Hungary’s right-wing national government is planning austerity measures and a tax reform – and is thus antagonizing sections of society. For the first time since his re-election there has been loud protest against Prime Minister Orban. Thousands took to the streets for the fifth day in a row.
Thousands of people took part in anti-government demonstrations in the Hungarian capital, Budapest. The protests have been going on for five days and are directed against a tax reform planned by Prime Minister Viktor Orban’s cabinet. The demonstrators fear that this would result in hundreds of thousands of small business owners having to pay higher taxes because they are no longer subject to favorable flat-rate taxation. The reform was passed by the Hungarian parliament on Tuesday.
These are the first major demonstrations against Orban since his clear election victory in April against an alliance around opposition politician Peter Marki-Zay. At a rally in front of the demonstrators in Budapest on Saturday, Marki-Zay said that Orban’s election promises “were proven to be lies”. Orban himself had defended the tax reform as “good and necessary” in his regular radio speech on Friday.
Despite state price limits for essential goods, Hungary is struggling with runaway inflation and the collapse of the national currency, the forint. Observers blame the government in Budapest’s dispute with the EU Commission over the payment of funds from the EU’s Corona recovery fund and the resulting economic uncertainties for the weakness of the forint.

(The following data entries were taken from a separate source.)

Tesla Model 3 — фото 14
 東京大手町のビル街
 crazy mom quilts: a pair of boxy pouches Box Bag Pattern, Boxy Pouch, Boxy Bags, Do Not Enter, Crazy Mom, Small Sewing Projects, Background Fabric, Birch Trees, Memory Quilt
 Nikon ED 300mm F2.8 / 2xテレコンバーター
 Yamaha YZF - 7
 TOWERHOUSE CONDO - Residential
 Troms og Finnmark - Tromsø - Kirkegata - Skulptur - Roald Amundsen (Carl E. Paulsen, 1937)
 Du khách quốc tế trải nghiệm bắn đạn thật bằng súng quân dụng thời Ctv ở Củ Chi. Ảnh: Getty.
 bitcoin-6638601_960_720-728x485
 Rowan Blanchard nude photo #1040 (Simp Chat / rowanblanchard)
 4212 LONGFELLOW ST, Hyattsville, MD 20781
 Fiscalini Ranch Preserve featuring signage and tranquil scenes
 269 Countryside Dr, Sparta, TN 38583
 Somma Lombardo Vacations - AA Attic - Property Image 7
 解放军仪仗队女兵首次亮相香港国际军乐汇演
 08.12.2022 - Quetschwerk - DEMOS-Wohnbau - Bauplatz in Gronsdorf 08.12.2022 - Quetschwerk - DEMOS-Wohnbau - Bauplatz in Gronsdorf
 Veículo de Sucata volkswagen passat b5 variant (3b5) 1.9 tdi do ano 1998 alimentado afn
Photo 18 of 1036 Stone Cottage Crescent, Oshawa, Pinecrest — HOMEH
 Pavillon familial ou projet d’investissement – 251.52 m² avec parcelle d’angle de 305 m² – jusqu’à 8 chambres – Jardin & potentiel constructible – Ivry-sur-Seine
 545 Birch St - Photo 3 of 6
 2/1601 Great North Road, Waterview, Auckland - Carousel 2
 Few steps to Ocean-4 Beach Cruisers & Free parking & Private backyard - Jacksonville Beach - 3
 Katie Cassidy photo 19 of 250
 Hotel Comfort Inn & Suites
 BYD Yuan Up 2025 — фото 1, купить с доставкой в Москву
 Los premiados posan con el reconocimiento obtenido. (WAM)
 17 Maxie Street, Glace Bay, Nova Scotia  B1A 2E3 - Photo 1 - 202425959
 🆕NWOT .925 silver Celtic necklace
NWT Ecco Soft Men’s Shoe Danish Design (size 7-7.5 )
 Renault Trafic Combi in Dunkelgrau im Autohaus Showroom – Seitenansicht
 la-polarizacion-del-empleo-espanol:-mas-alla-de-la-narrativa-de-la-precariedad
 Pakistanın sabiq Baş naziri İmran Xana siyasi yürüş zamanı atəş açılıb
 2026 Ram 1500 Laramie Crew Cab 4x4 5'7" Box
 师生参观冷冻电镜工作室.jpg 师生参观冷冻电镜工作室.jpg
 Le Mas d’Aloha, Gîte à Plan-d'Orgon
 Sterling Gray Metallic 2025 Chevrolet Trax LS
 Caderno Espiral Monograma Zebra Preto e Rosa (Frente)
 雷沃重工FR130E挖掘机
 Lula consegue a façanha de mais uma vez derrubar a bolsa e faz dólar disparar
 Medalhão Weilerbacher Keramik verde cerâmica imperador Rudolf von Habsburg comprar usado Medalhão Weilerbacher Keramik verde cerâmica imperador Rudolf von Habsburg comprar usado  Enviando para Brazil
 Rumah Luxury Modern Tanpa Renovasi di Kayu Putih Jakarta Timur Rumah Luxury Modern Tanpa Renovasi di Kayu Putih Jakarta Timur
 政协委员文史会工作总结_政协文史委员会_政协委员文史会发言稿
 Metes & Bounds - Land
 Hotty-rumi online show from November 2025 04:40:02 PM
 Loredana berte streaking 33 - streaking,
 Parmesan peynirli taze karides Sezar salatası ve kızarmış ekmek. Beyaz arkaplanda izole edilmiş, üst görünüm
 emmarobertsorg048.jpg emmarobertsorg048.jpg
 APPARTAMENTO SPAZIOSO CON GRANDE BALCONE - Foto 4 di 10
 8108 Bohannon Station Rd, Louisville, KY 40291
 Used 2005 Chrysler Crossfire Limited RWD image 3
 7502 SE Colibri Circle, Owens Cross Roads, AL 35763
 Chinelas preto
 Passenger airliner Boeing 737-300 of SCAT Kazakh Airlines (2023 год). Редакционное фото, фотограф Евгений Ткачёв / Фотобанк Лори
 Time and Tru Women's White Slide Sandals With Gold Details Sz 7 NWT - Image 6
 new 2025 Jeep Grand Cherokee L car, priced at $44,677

Brussels has frozen the billions in aid due to a lack of anti-corruption measures and constitutional problems in Hungary. The country, which is heavily dependent on Russian oil and gas, declared a state of emergency on Wednesday because of the energy crisis resulting from the Ukraine war. In order to deal with the crisis, the Hungarian government is planning, among other things, to have households with above-average energy consumption pay the market price for gas in the future – instead of the lower, state-subsidized tariffs that have been customary for consumers up to now.